# **Location Scouting for new Lottery POS Locations**
by Hugo Bertini @ 2020.06   
###### _*POS: Point Of Sales_

## **Introduction**

**The Goal**   

Find the adequate locations for a new Lottery POS.   
This is one way of assisting the Commercial Network Managers in the decision of selecting a new location or of assessing whether a proposal for a new POS is suitable. 

**Background**   

The Lottery business strongly relies on the proximity with their audience. And this proximity happens at many different levels and manners, especially because it is usually an activity operated by a minimal number of entities, and is significantly controlled by Governments.   

The outcome of this activity will typically bring benefit social causes which in turn take care of those in need.   

As such, it is important for the Lottery operators and the Society to ensure that although the level of commercial activity is kept in good health, the responsible gaming criteria is also met.   


**Approach**   

In this _paper_ I study a number of information sources with the hope of establishing a reasonable set of criteria that would increase the odds of the Lottery activity growing within the responsible gaming figure.   

The main aspect that will be in focus herein is the location of a new POS. 

Social levels/tiers of each area are not considered in this study, as this information is really hard to gather as a freelance investigator.    
So we will rather give higher consideration for areas where the commercial activity is greater and are less saturated with other POSes.   

## **The Data**

### Data Sources

For this study I will use four data source types: geo-location, Foursquare and Existing POS.   
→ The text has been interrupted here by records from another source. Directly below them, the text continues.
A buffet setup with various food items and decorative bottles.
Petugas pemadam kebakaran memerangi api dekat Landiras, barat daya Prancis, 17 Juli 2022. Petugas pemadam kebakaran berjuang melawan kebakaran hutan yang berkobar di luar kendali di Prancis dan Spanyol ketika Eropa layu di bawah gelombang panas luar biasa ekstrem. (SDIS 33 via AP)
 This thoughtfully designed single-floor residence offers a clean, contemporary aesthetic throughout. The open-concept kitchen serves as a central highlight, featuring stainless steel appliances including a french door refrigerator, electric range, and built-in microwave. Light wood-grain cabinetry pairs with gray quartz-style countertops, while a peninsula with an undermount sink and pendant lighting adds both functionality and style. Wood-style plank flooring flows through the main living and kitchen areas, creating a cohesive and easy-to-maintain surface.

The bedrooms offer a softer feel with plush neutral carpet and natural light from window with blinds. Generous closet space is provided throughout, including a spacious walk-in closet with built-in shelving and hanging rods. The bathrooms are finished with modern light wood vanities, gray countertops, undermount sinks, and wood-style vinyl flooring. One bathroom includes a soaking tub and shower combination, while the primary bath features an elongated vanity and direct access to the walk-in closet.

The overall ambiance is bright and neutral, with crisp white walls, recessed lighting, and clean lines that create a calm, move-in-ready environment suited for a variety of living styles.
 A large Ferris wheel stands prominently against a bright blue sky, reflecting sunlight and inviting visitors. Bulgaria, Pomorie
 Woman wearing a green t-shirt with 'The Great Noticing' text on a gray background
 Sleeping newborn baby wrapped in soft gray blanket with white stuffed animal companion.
More specifically, those are:   
1. **geoJSON vector maps** of Portugal
    - This information allows knowing the shape of boroughs, which will become useful for certain over-the-map representation of the data.
1. **Foursquare venue** information
    - This will allow knowing what kinds of venues are on each street and their coordinates.
1. **Existing Lottery POS location** information from a provider's website
    - This is to know the streets where there currently are POSes available for the studied district.

### Data Handling

Each one of these data sources is available in a different way, so I will use 4 approaches:   

1. **geoJSON vector maps** of Portugal   
   - I will use a subset of the geoJSON data, just as enough as to represent the Districts and boroughs being studied.   
1. **Foursquare venue** information   
   - The information about venues will be grabbed from the Foursquare API. 
   - The information of interest is about trends, likes, categories, similarity and details.
1. **Existing Lottery POS** information in Portugal from the provider's website
   - I will perform a manual scraping on the publicly available webpage of [SCML](https://www.djogos.scml.pt/web/SCMediador/verMediadores) for the intended District. I decided on a manual approach as it is much less worky than puting the automated web crawling technologies into practice for this one District. Should a national coverage be required, or a more worky approach, then I would consider asking the provider for the information or implementing an automated scraping.    
   - The information of interest is POS name (which will be obfuscated during the process and prior to analysis), address and postal code.   
   - We will use the address and postal code to obtain the best coordinates possible.
   - The pertinent data will be copied from the official website of SCML and stored into one file per each one of the district's borough.

  

### Data Samples   
This is how the data looks like:

In [1]:
# importing the libraries required for dealing with the data and show it somewhat nicely
import os
import time
import json # library to handle JSON files
import pickle as pk
import pandas as pd
import pprint
pp = pprint.PrettyPrinter(indent=4)
import folium # map rendering library
import requests # library to handle requests
from pandas import json_normalize # tranform JSON file into a pandas dataframe
from geopy.geocoders import Nominatim # module to convert an address into latitude and longitude values

##### **geoJSON**

in tabular form:

In [2]:
# getting the central coordinates of the intended location
study_location = 'OEIRAS'
geolocator = Nominatim(user_agent="foursquare_agent")
coords = geolocator.geocode(study_location)
latitude, longitude = coords.latitude, coords.longitude

# getting the geographical shapes
try:
    with open("./data/shapes.p", "rb") as pf:
        shapes = pk.load(pf)
        if (len(shapes) <= 0):
            print('Pickle jar empty')
            raise Exception("We had no more pickles left from that data. Please wait while we prepare more of those...") 
except:
    print('Reading the shapes geojson file...')
    with open(r'./data/v620_freg.geojson', encoding='utf-8') as geo_f:
        shapes = json.load(geo_f)
    with open(r'./data/shapes.p', 'wb') as sh_f:
        pk.dump(shapes, sh_f)
    print('reading done.')

In [3]:
# picking a sample of the data we will focus on
shapes_df = pd.json_normalize(shapes['features'])
shapes_df = shapes_df[shapes_df['properties.Concelho'] == 'OEIRAS'].reset_index()
print('for the District of {}, the data has {} lines.'.format(shapes_df['properties.Distrito'][0], shapes_df.shape[0]))
shapes_df.head()

for the District of LISBOA, the data has 5 lines.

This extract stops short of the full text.